Saiful sendiri sudah melakukan observasi dan bertanya kepada wali murid yang anaknya sudah menjalani pendidikan ekstrakulikuler Homestay. Katanya, karakter Anak-anak semakin santun, mandiri dan lebih rajin dibandingkan sebelumnya.
"Mereka jadi berubah, semua yang telah mengikuti program homestay wali murid melaporkan karakternya berubah, lebih santun, lebih rajin. Jadi ini pendidikan karakter," jelasnya.
Selama tinggal dengan induk semang di Kampung Papring, para siswa tidak diperbolehkan membawa kebiasaan di kota. Sebab, para guru telah memilih rumah-rumah yang menjadi induk semang masih menggunakan dinding dari anyaman bambu, tidak beralas keramik, kehidupan sederhana.
"Rumah-rumah penduduk yang ditempati para siswa kriterianya harus sederhana, dan orang tua angkat induk semang harus memiliki pekerjaan tetap yang ada di sekitarnya saja, tidak sampai pergi jauh dari rumahnya," ujarnya.
4. Berbagi manfaat
Sementara itu, warga Papring, Widie Nurmahmudy (40) mengatakan Anak-anak yang tinggal di rumahnya akan diajari sejumlah kerajinan kearifan lokal, seperti membuat gedhek dan besek dari anyaman bambu, serta piring dari lidi.
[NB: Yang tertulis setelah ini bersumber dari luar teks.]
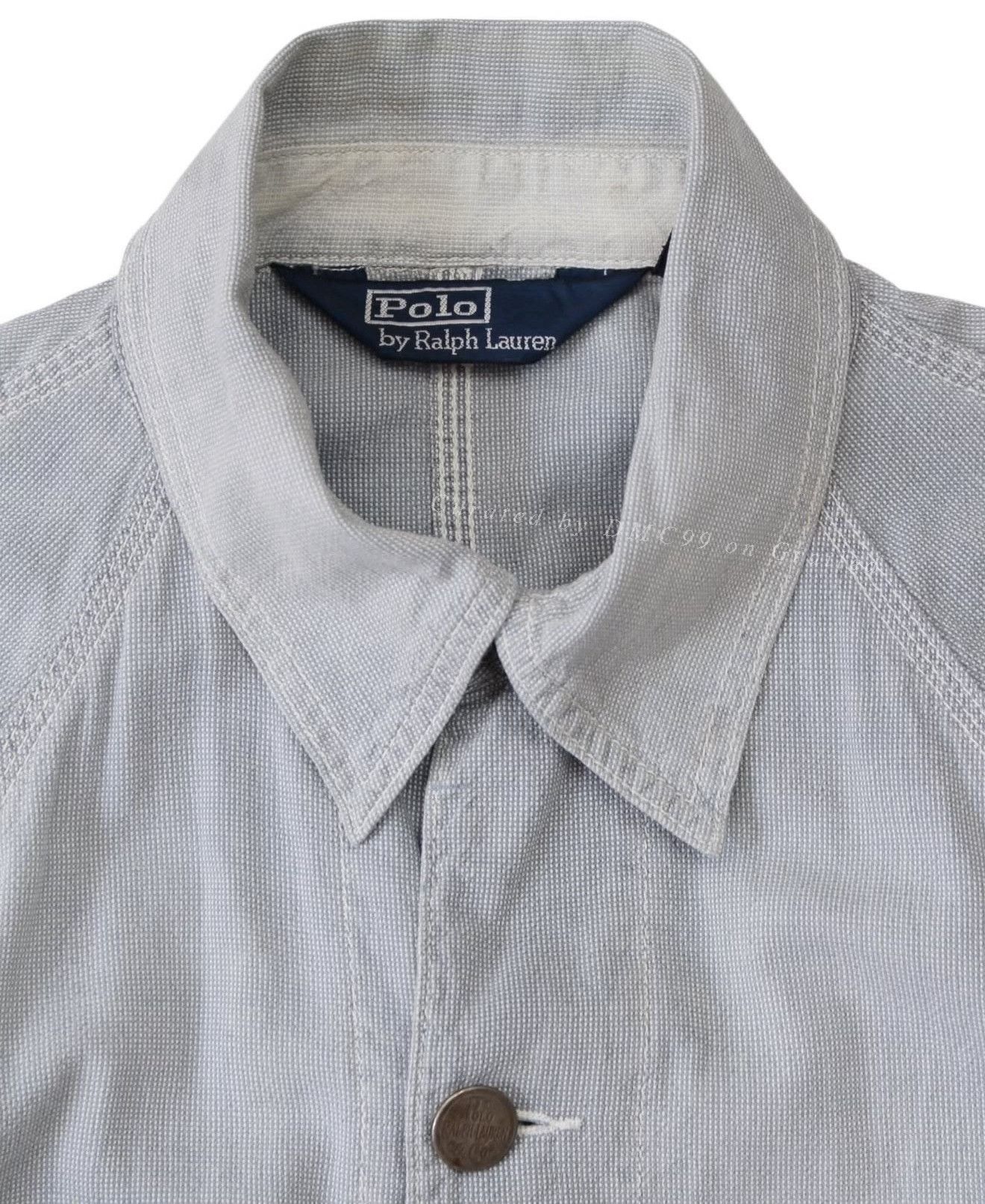 Vintage Vintage Polo Ralph Lauren Distressed Chore Jacket Size US M / EU 48-50 / 2 - 3 Thumbnail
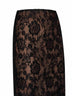 Black lace midi skirt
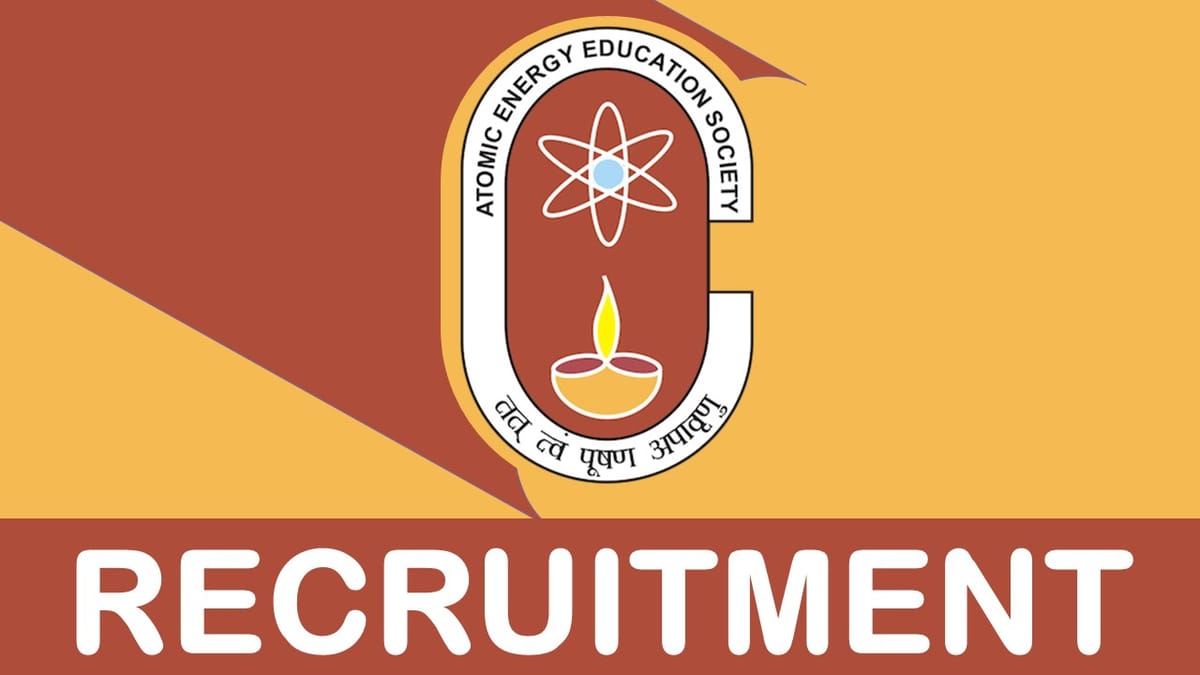 Atomic Energy Central School Recruitment 2023: Check Post, Salary, Age, Qualification and How to Apply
"Nanti ada kegiatan pelatihan yang akan digelar warga sendiri, ada anyaman bambu, buat besek dan buat piring dari lidi. Warga sendiri yang akan melatih, kami sudah musyawarah bersama ketua-ketua Rukun Tetangga (RT)," ujar widi.
Widi sendiri berharap, para siswa SMPN 1 yang tinggal di Papring bisa memberi manfaat, khususnya kepada Anak-anak sebaya di Papring. Dia menjelaskan, motivasi belajar dan bersekolah di Papring masih terbilang kurang, setelah lulus dari pendidikan Sekolah Dasar (SD) banyak yang memilih bekerja dan kemudian menikah.
"Harapannya bisa memotivasi Anak-anak Papring untuk melanjutkan brlajar di SMP, tidak hanya berhenti sekolah di SD. Bahwa pendidikan itu penting, tidak hanya belajar dari masyarakat," kata pria yang berprofesi sebagai petani kopi ini.
Widya, salah satu siswa SMPN 1 mengaku terkesan, perjalanan yang cukup panjang dan kondisi perkampungan yang masih rindang membuat dia penasaran. "Ya baru pertama kali ke sini ternyata ada penduduk yang tinggal lokasinya jauh, jalannya masih susah. Semoga saya bisa kerasan dan betah," katanya.